> _About this exercise_: Repeat only the lines below that run from the line with "Set de Gradina" to the line with "Goldenes Glitzerherz Motiv", ends included; skip every picture.

Input data: Begin

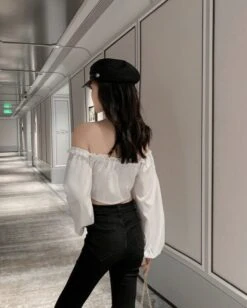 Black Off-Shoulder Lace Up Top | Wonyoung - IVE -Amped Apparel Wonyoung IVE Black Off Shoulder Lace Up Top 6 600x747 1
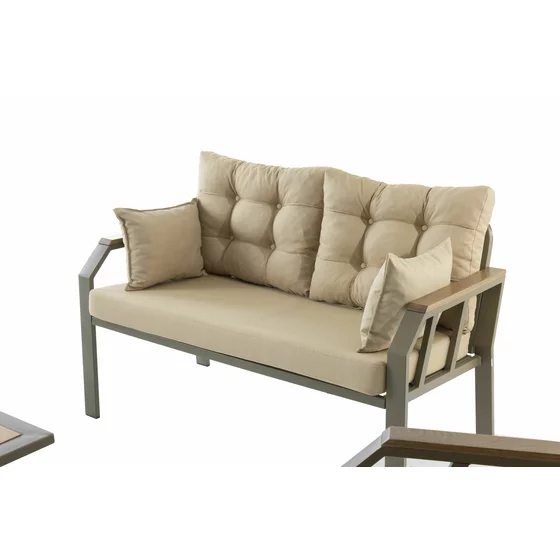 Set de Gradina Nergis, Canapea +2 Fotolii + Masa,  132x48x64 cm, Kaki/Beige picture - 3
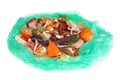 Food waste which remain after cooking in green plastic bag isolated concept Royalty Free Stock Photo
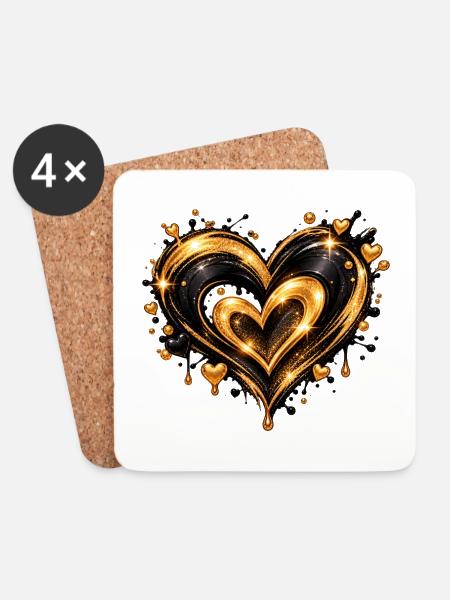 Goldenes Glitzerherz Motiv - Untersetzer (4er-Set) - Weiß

Input data: End
Input data: Begin

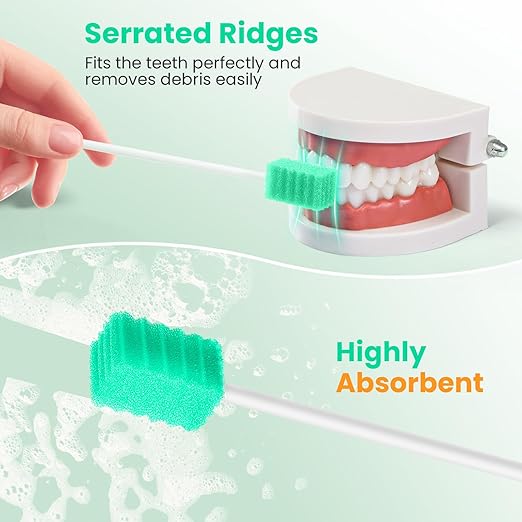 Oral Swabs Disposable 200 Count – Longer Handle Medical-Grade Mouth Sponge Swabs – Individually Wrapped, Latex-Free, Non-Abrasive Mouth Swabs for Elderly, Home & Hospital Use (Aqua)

Input data: End

> _Reply to the task_:
 Set de Gradina Nergis, Canapea +2 Fotolii + Masa,  132x48x64 cm, Kaki/Beige picture - 3
 Food waste which remain after cooking in green plastic bag isolated concept Royalty Free Stock Photo
 Goldenes Glitzerherz Motiv - Untersetzer (4er-Set) - Weiß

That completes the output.